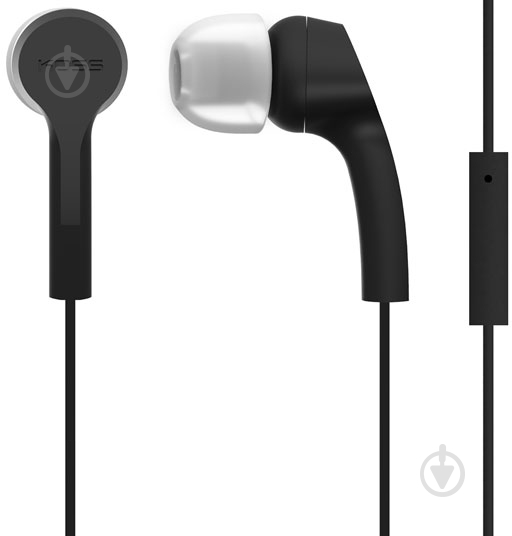 Гарнитура Koss KEB9i black - фото 1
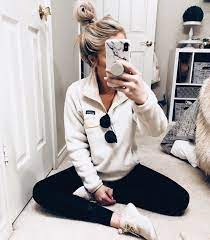 P I N T E R E S T Annaxlovee Outfits With Leggings Cute Outfits Cute Comfy Outfits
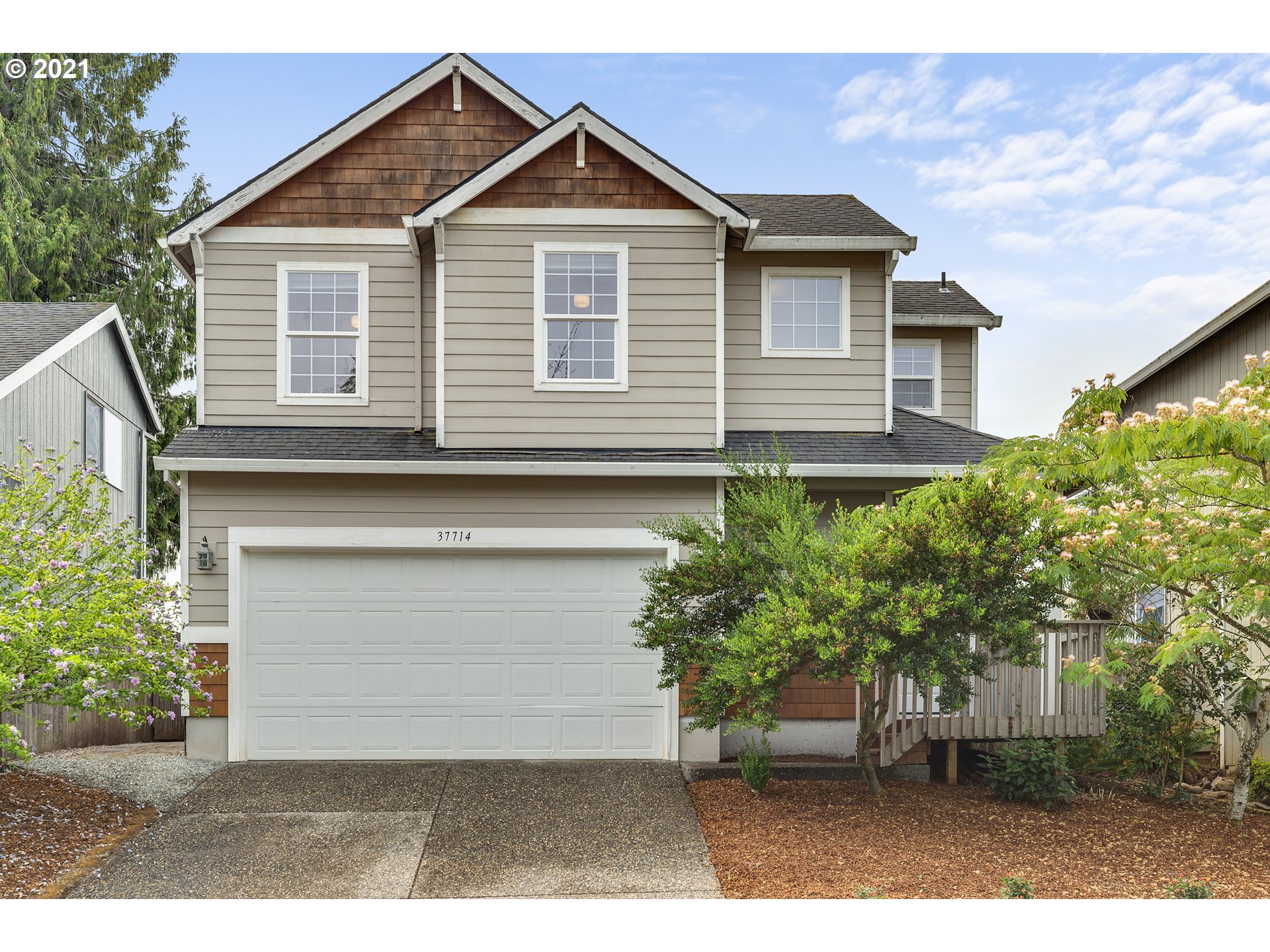37714 Rachael Drive Sandy, OR 97055 - Photo 1 of 28 Gallery Image 1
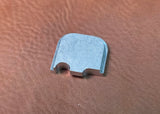 Engraved Backplates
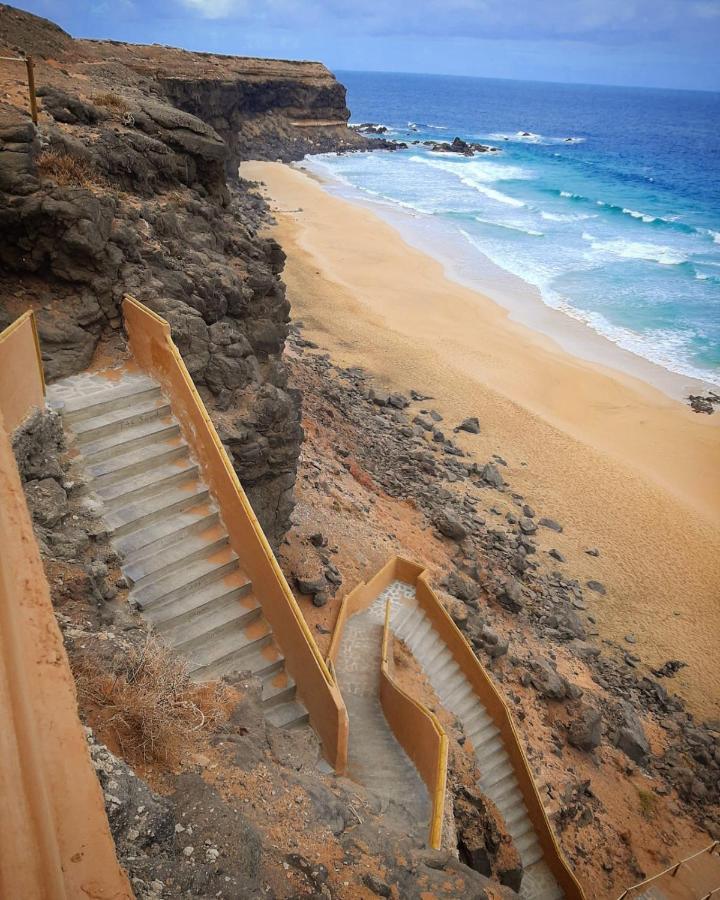 Villa Casa Gil Corralejo San Valentin By Ahf Exterior foto
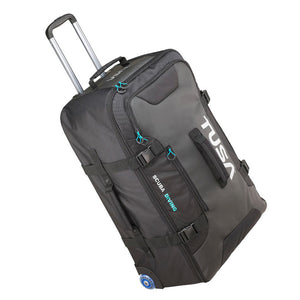 Tusa Travel Roller Bag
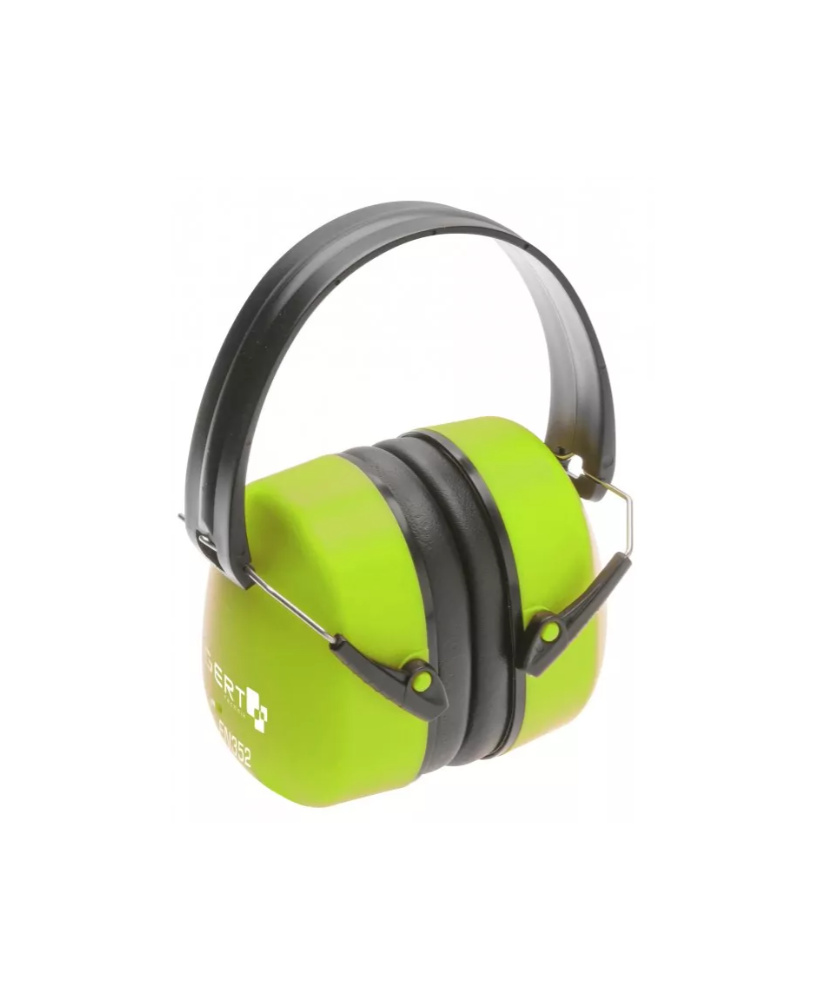 WALD ochronniki słuchu zielone uni, HT5K177 (3D)(S3)
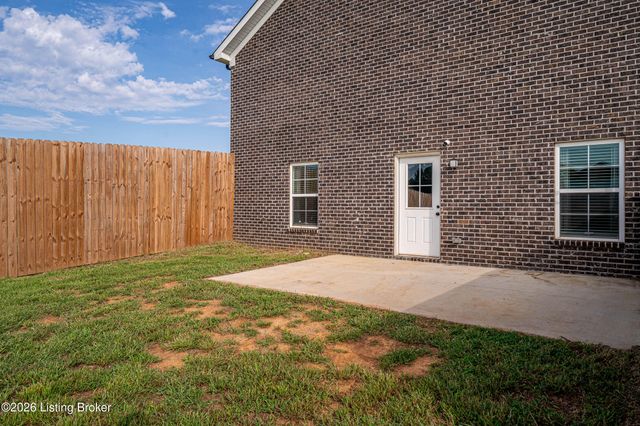219 Cassidy Dr, Taylorsville, KY 40071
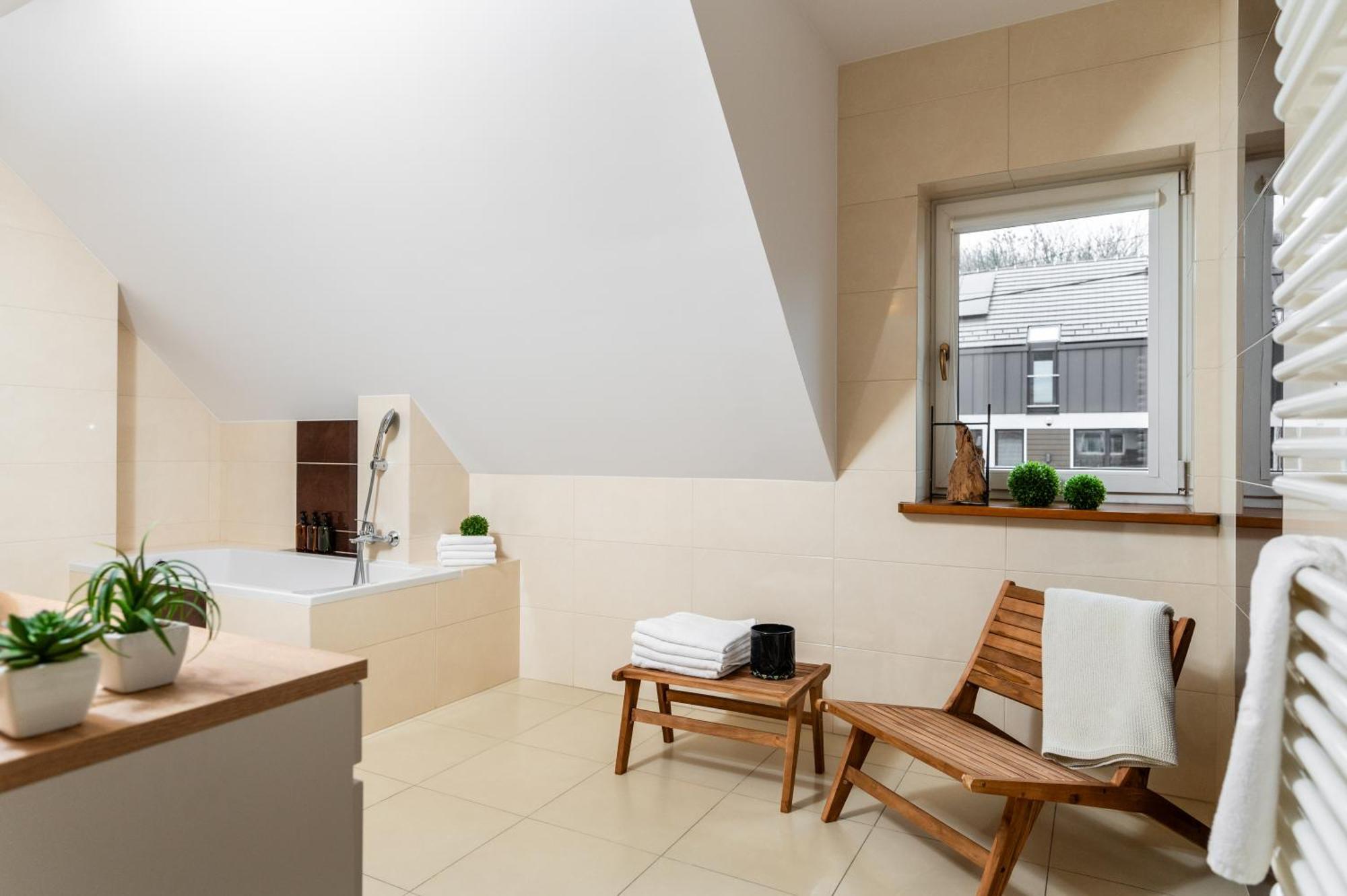 Your Private Oasis In Cracow Willa *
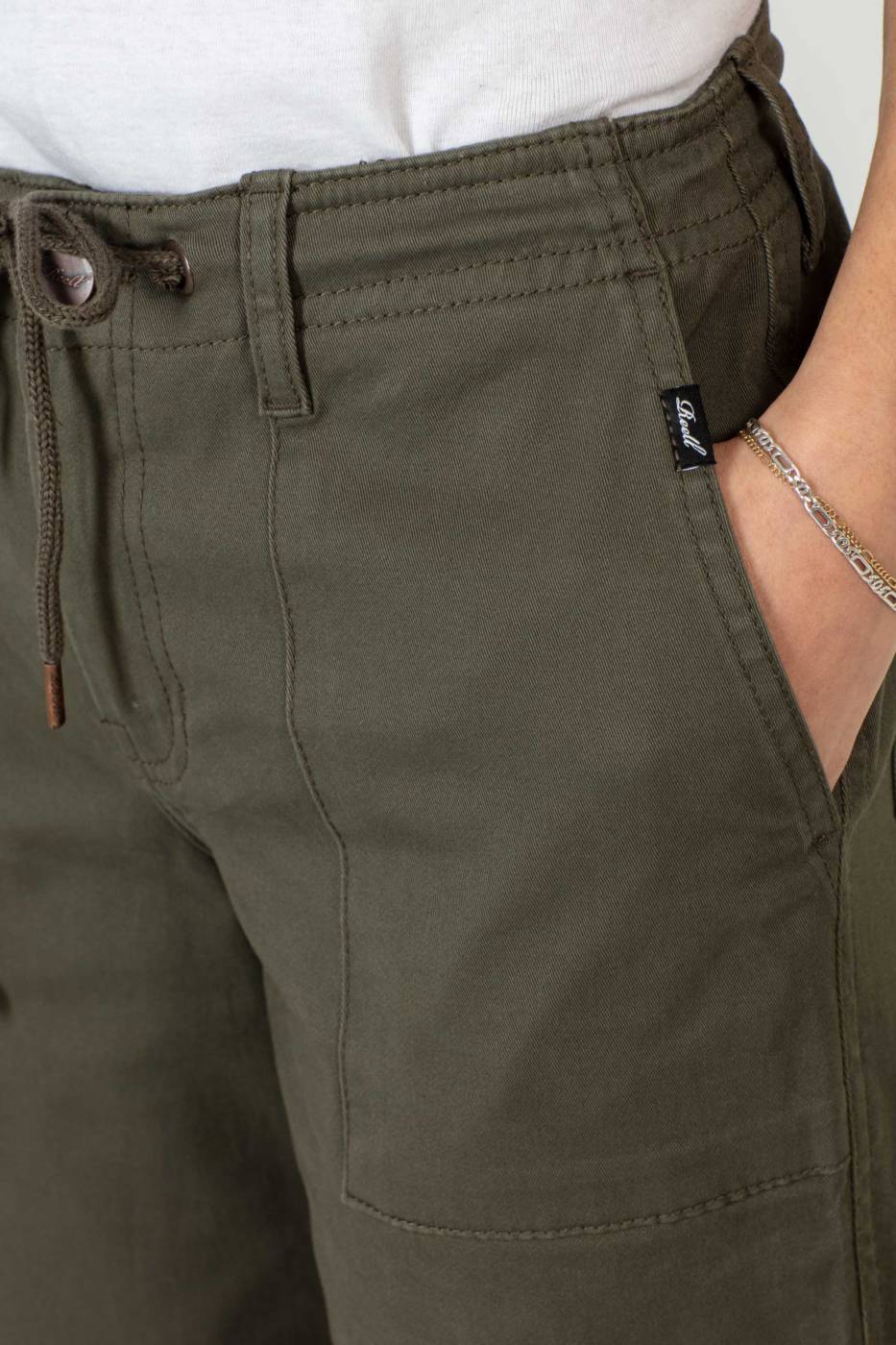 Reell Women Colette Pant Versandkostenfrei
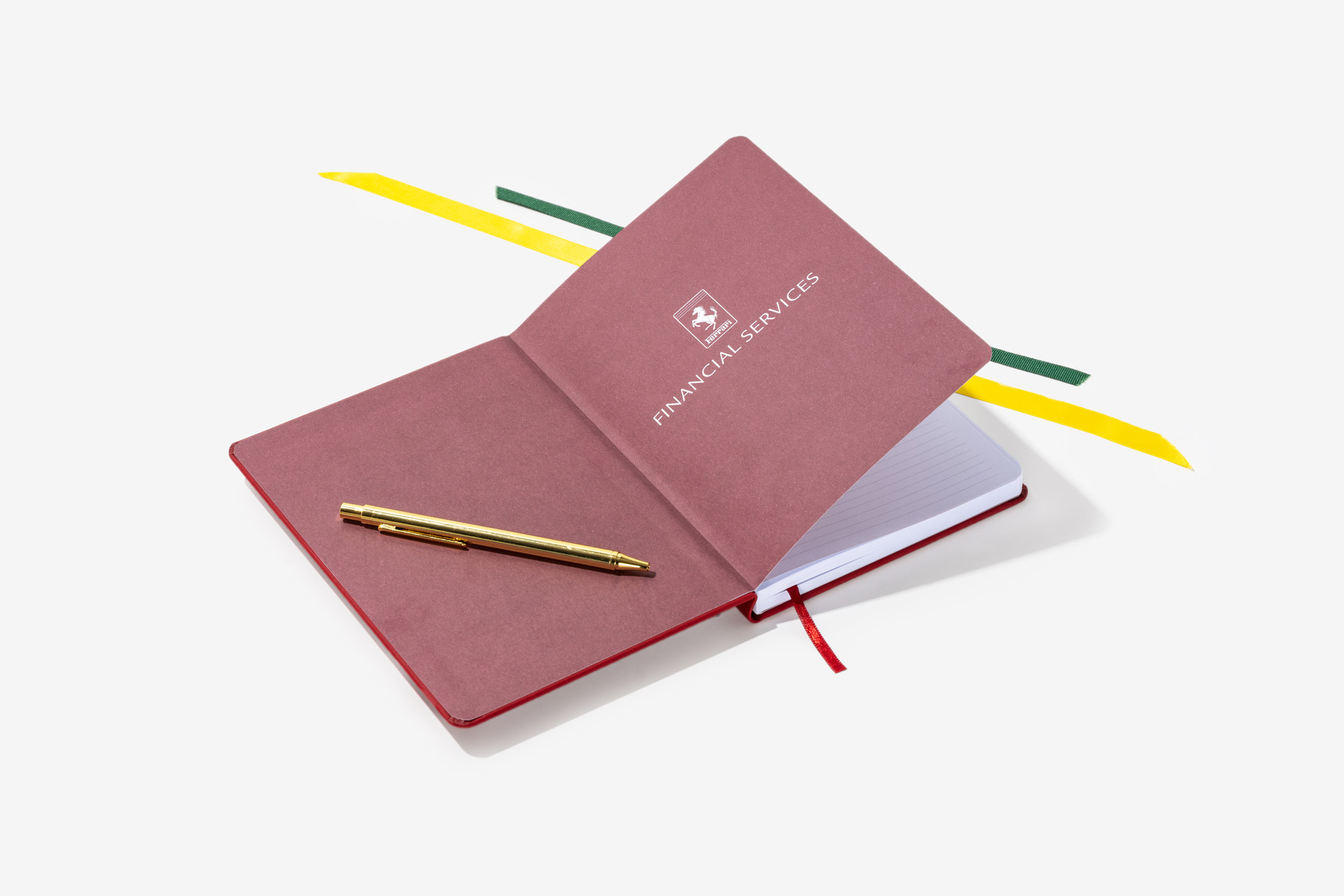 Ferrari Financial Services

Your assignment:
Leaving the pictures out, set down all of the data again exactly.

Reply:
 Гарнитура Koss KEB9i black - фото 1
 P I N T E R E S T Annaxlovee Outfits With Leggings Cute Outfits Cute Comfy Outfits
37714 Rachael Drive Sandy, OR 97055 - Photo 1 of 28 Gallery Image 1
 Engraved Backplates
 Villa Casa Gil Corralejo San Valentin By Ahf Exterior foto
 Tusa Travel Roller Bag
 WALD ochronniki słuchu zielone uni, HT5K177 (3D)(S3)
219 Cassidy Dr, Taylorsville, KY 40071
 Your Private Oasis In Cracow Willa *
 Reell Women Colette Pant Versandkostenfrei
 Ferrari Financial Services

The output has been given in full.